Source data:
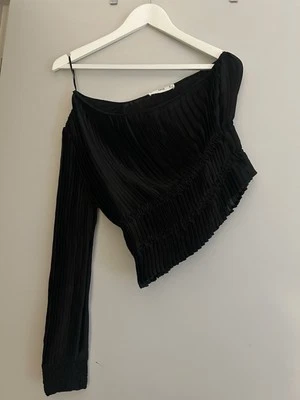 One Shoulder Black Evening Top Mango Size M - Image 1 of 3
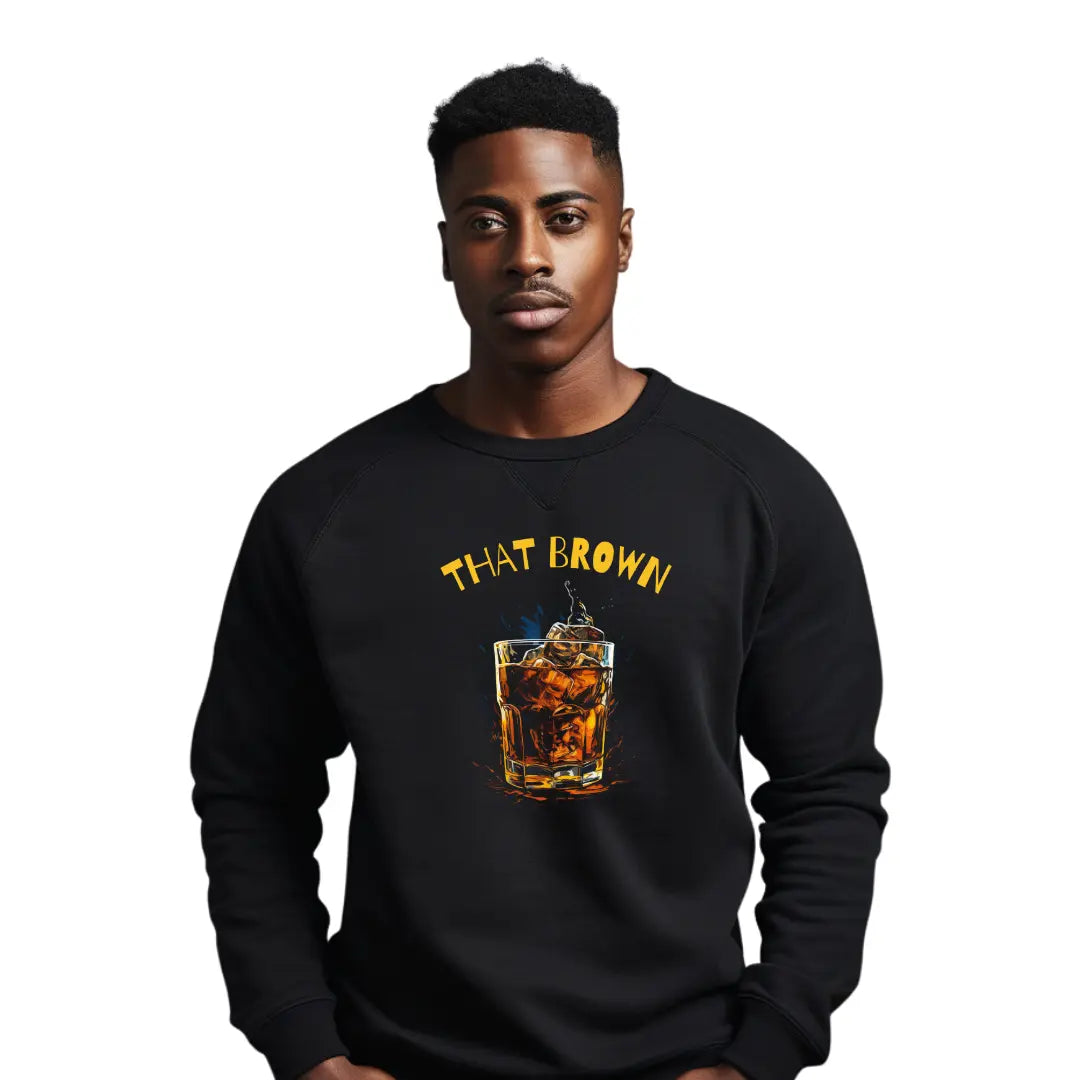 Brown Liquor Vibes Sweatshirt: That Brown Elegance - Black Threadz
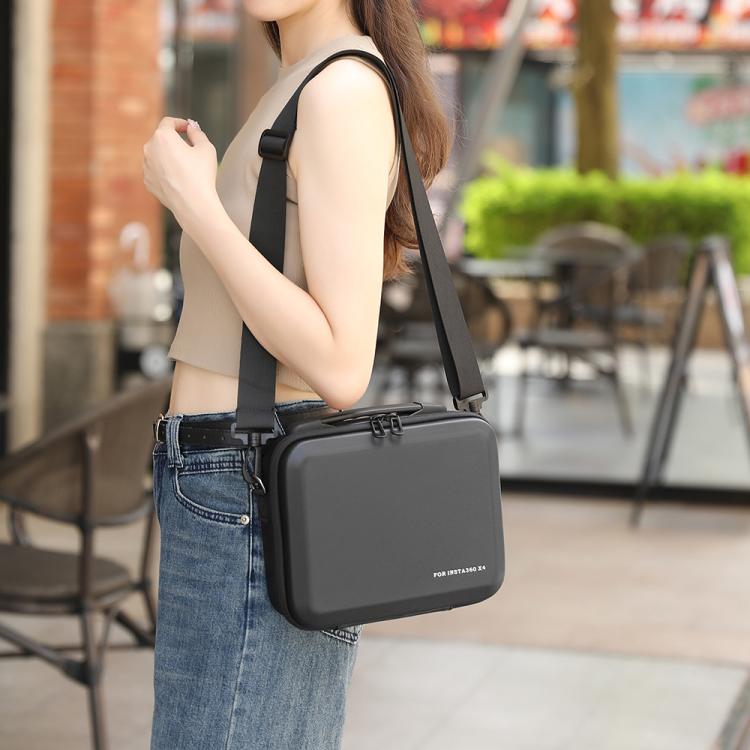 For Insta360 X4 BKANO INX4-002 Shoulder Handheld Storage Bag Crossbody Bag - Black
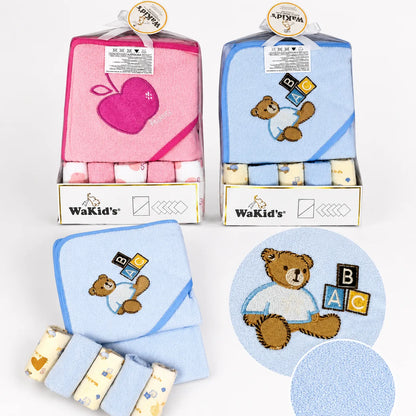 Set Toalla con Capota + Babitas WaKid's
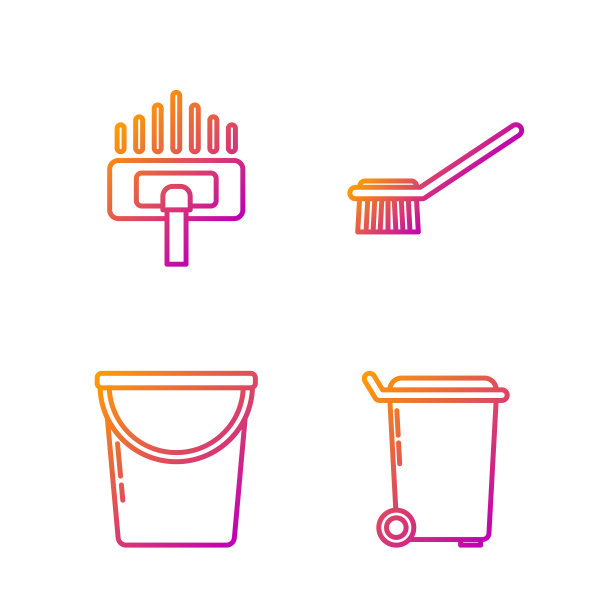 设垃圾筒、铲斗、吸尘器等生产线图片下载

What is expected:
With all pictures excluded, output exactly the lines from the one containing "Brown Liquor Vibes" through the final line of the entries, inclusive.

Result:
 Brown Liquor Vibes Sweatshirt: That Brown Elegance - Black Threadz
 For Insta360 X4 BKANO INX4-002 Shoulder Handheld Storage Bag Crossbody Bag - Black
 Set Toalla con Capota + Babitas WaKid's
 设垃圾筒、铲斗、吸尘器等生产线图片下载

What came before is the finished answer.